Thursday July 5th 2007
Bexhill-on-Sea to Hastings
We decided to celebrate Jen’s birthday with a walk by the sea so set off again on the 8.08 to Gatwick and on to Bexhill, arriving on the seafront at 11 o’clock. The weather was rather uncertain as this summer has been very wet and cold so far, but a dry day was forecast for this area. We set off at once as we wanted to have time to explore Hastings when we arrived there.
The walk initially was along the prom at Bexhill where we admired some very stately five-storied Victorian houses now either flats or small hotels. We could see Hastings Pier in the distance almost as soon as we set off and it was good to see it growing ever nearer. Bexhill Prom is very like any other with steps down to the beach, the occasional shelter and statue; nothing to make it stand out really. The road is lined with fairly modern blocks of flats all with names like Belgrave Court and Cavendish House which may be holiday apartments or possibly retirement retreats. Whatever they are, all have wide balconies and fabulous sea views.
The prom ends, as most seem to, with a car park and from there we climbed down onto shingle under a cliff called Galley Hill. There had been a path once but it had been covered at some point with stones and only appeared in short bursts. We admired the abundant flowers here, particularly some bright yellow poppies growing between the pebbles.
At the end of the cliff we joined a tarmac path running alongside the railway line as far as Glyne Gap, where we discovered a beach café. We had already commented on the lack of people around and how difficult life must be for the locals who rely on tourists for their living in the summer, so we decided to help the cause by buying an ice cream. For some reason this request seemed to baffle the young man behind the counter. Maybe he had not been asked for many of them this year. Finally, one Cornetto later, we tackled the next cliff and were rewarded by views back to Bexhill, forward to Hastings and inland across the railway line to a retail park and the A259!
At the far side of this hill the cliff edge had broken away and the path was closed so we were diverted down a flight of steps to a good gravel path at the bottom. This path widened out a little and ran between the railway line and the sea. Literally – to our left was a high chain link fence and to our right enormous boulders keeping the sea at bay.
The path ran on for quite a while with no landmarks apart from a footbridge over the railway. We heard a train coming, so stopped and were very surprised to see that it was blue and white with yellow trims, instead of green. Now being railway buffs, we knew this was odd until we realised that we had finally reached a new train company’s territory and from now on would be travelling with South-Eastern trains.
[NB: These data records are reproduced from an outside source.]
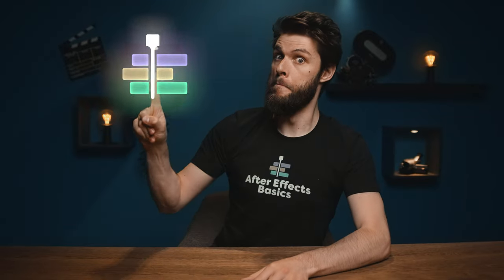Hey folks, Jordy here for After Effects Basics, and today we're gonna do some motion tracking.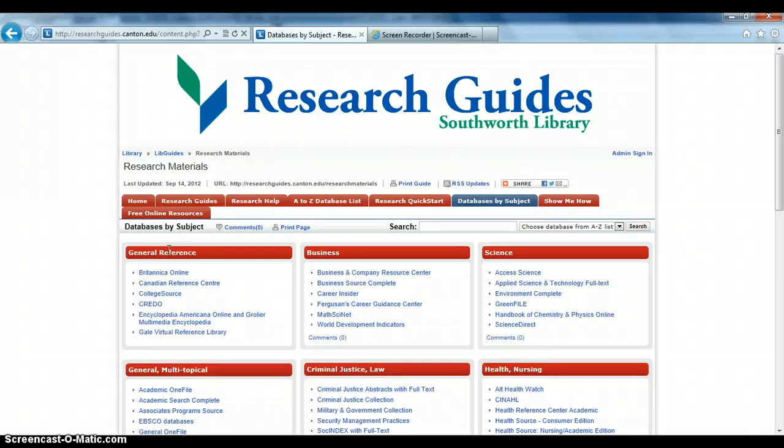Remember, if you need help, you can always contact a librarian at library@canton.edu or 315-386-7228. You can also use the chat function on the library webpage.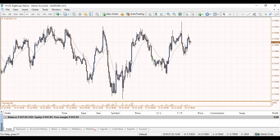So that's how we use pending orders on MetaTrader 4. I hope that was helpful and hope you have a good week and good trading.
We plodded on towards Hastings, finally reaching a path between rows of beach huts at the beginning of St Leonard’s. The beach huts were rather strange as they were all different, rather than the uniform size and colours we are used to seeing. Only one of them showed any sign of life, however, with the bad weather presumably discouraging people. There was plenty of parking space and grass outside each one as well as a beach close at hand, so on a nice day, it would probably have looked very different.
Soon after that we found ourselves on the beginning of the prom which would take us through St Leonard’s and into Hastings. We decided to stop for lunch and soon found a shelter to get out of the wind which was very strong. We enjoyed the antics of a lone windsurfer who tacked in and out picking up the wind to reach incredible speeds. Apart from him, there was no-one on the beach and, as there were red flags flying, no-one in the sea.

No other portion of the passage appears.